Task data START

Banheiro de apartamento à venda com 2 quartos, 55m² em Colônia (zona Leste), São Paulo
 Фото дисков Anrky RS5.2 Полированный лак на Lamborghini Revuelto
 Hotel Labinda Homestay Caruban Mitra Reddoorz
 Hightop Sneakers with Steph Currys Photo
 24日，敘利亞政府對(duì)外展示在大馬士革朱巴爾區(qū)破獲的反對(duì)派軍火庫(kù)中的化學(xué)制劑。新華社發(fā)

Task data END

Take the entries above and repeat them. Alter nothing.

Task result:
Banheiro de apartamento à venda com 2 quartos, 55m² em Colônia (zona Leste), São Paulo
 Фото дисков Anrky RS5.2 Полированный лак на Lamborghini Revuelto
 Hotel Labinda Homestay Caruban Mitra Reddoorz
 Hightop Sneakers with Steph Currys Photo
 24日，敘利亞政府對(duì)外展示在大馬士革朱巴爾區(qū)破獲的反對(duì)派軍火庫(kù)中的化學(xué)制劑。新華社發(fā)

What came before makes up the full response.